Selain itu, ada aktor "The Raid" Joe Taslim yang juga membintangi film sekuel Hollywood "Fast and Forius".

Hal tersebut merupakan sebuah prestasi besar bagi perfilman Indonesia.

Namun, bagi para kritikus film, hal tersebut belum dapat dibilang membanggakan dunia film laga Indonesia.

"Saya kira awalnya 'The Raid' memang menjadi tonggak kebangkitan film laga. Namun, ternyata tidak," kata Wakil Atase Budaya Institut Prancis di Indonesia (IFI) Dimas Jayasrana.

Menurut dia, kesuksesan "The Raid" hanyalah kesuksesan semu karena hanya film itu saja yang menjadi andalan Indonesia.

"Saya anggap suskses apabila setelah itu muncul hegemoni tentang film laga lainnya yang diminati penonton karena aksinya bukan isu serta visual effect," ujarnya.
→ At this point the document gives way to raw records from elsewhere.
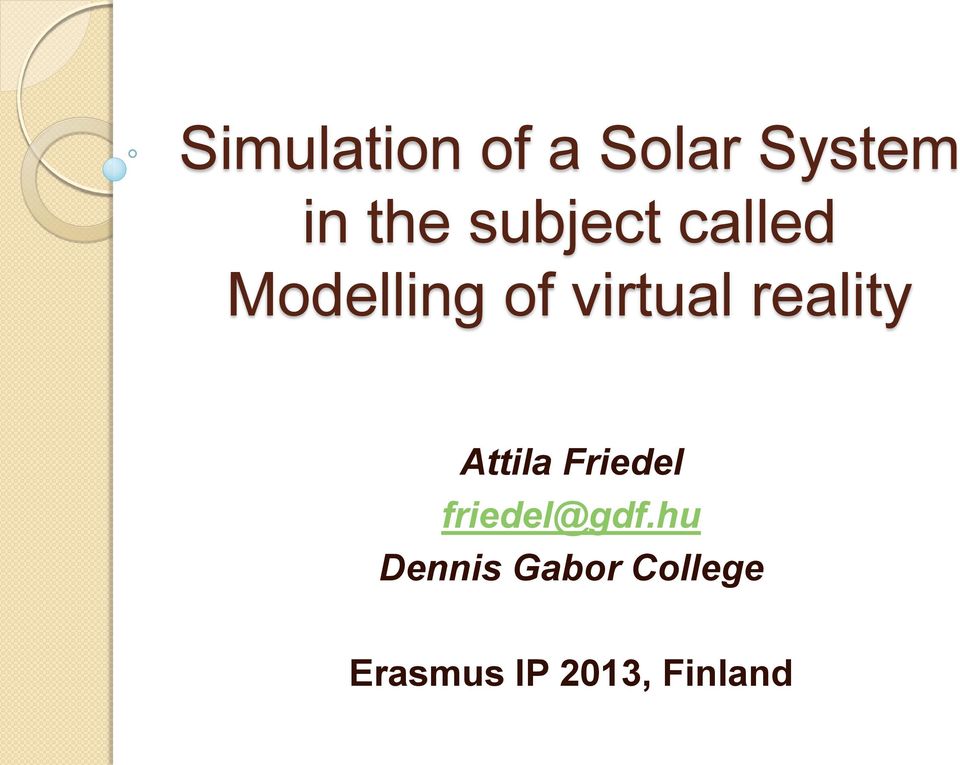 reality Attila Friedel friedel@gdf.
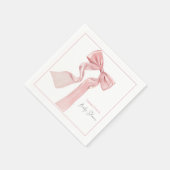Roze strik Baby shower Elegant papier Servet (Hoek)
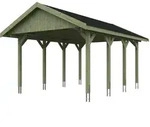 Skan Holz Wallgau - Satteldach Einzelcarport Breite 430 cm Gr. 1 - 430 x 600 cm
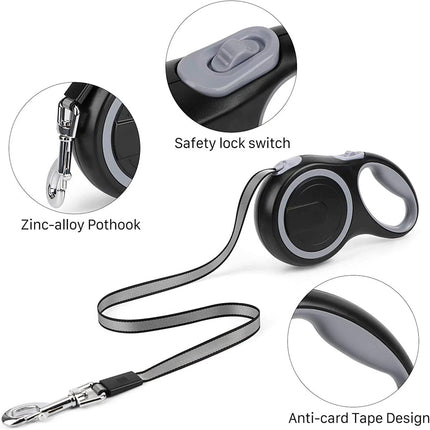 8m Heavy Duty Dog Automatic Retractable Traction Walking Lead Leash Anti-Tangle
Selain Dimas, Djair Warniponakanda pencipta karakter Jaka Sembung juga berpendapat bahwa masyarakat sekarang tidak memiliki karakter asli tokoh "superhero" lagi.
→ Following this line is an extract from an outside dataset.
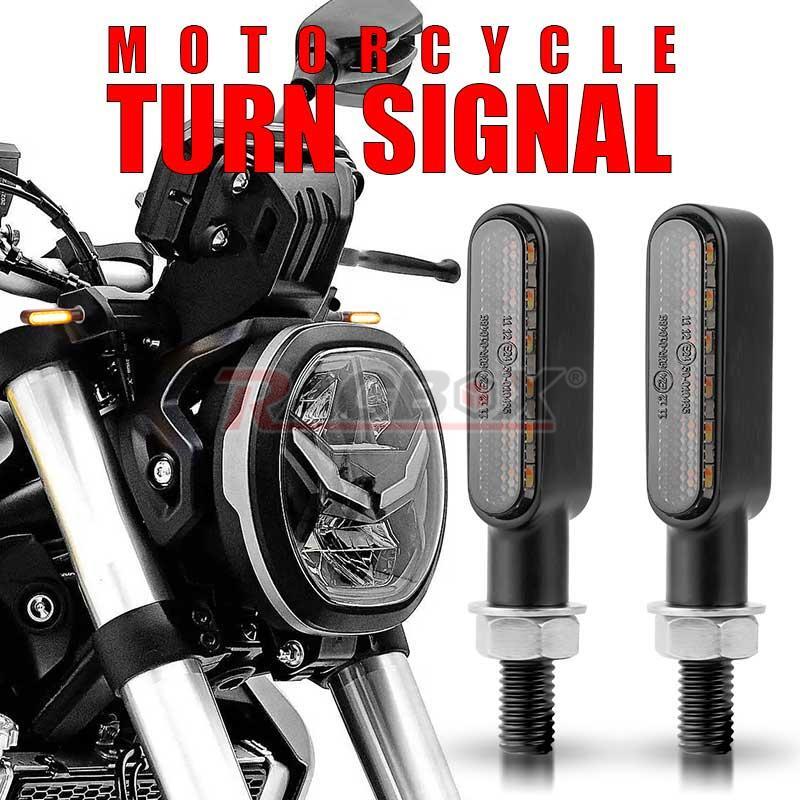 2X Motorcycle LED Turn Signal Running Blinker Light Sequential DRL Amber/White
Oleh sebab itu, harus ada tokoh yang sangat kuat karakternya sebagai orang Indonesia agar dapat menarik perhatian masyarakat, bukan hanya artistik efek saja.

Dia adalah sosok yang telah menciptakan berpuluh-puluh cerita beserta karakternya, seperti Jaka Sembung, Jaka Geledek, Si Tolol, Raja dari Raja-Raja Pedang, dan Trio AIN.

Menurut komikus yang suka menulis cerita silat itu, ide untuk menciptakan tokoh-tokoh pahlawan super selalu ada pada setiap pengarang. Namun, untuk membuatnya jadi nyata, dibutuhkan sineas yang mengangkatnya menjadi sebuah film.

"Akan tetapi, apakah sineas Indonesia telah mampu mengangkat cerita-cerita laga tersebut menjadi nyata? Kalau kemampuannya cuma 'nanggung-nanggun', seperti visual efeknya belum bisa mendukung jalannya cerita, nanti jadinya norak," kata dia.